# Goal of the exercise
Word for word and without images, reproduce the listing that follows.

# Material provided

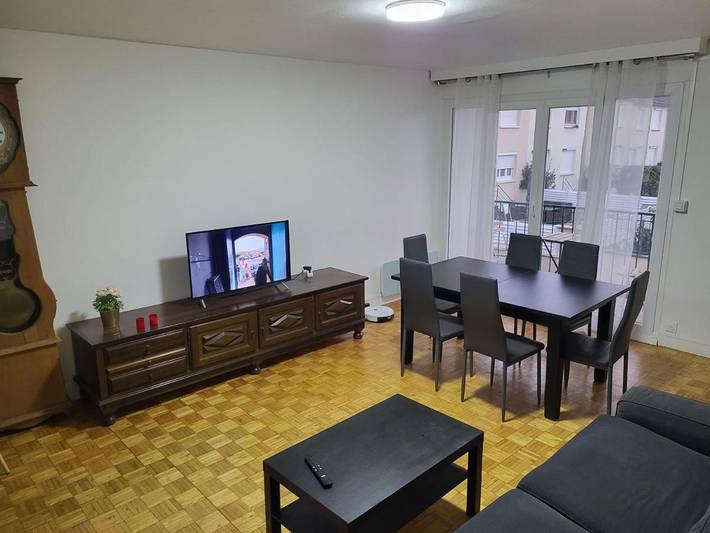 Appartement de vacances pour 6 personnes, avec Balcon ainsi que Terrasse et Jardin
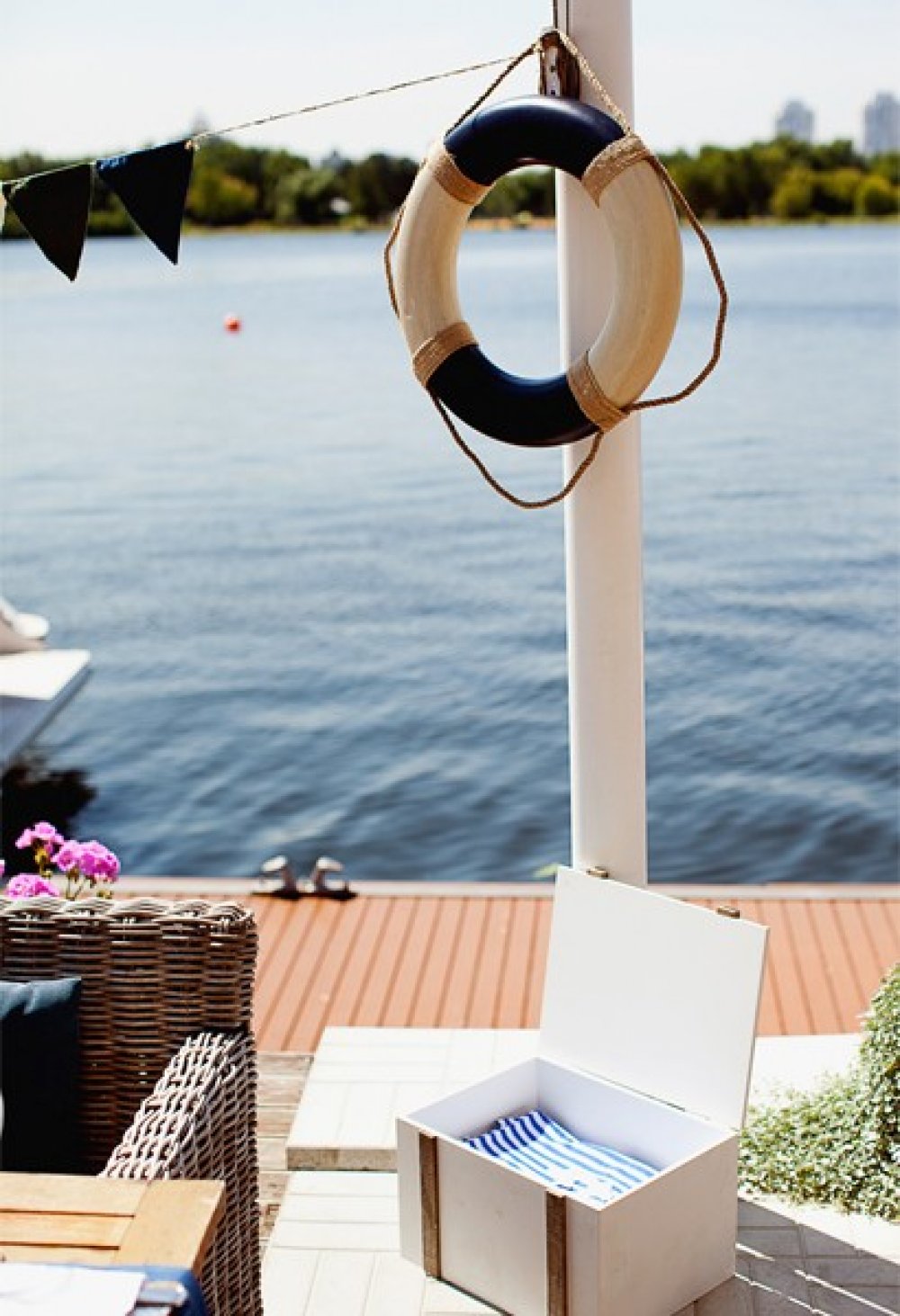 Свадьба в морском стиле.
Фотограф Анна Делуна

# Result for this exercise
 Appartement de vacances pour 6 personnes, avec Balcon ainsi que Terrasse et Jardin
 Свадьба в морском стиле.
Фотограф Анна Делуна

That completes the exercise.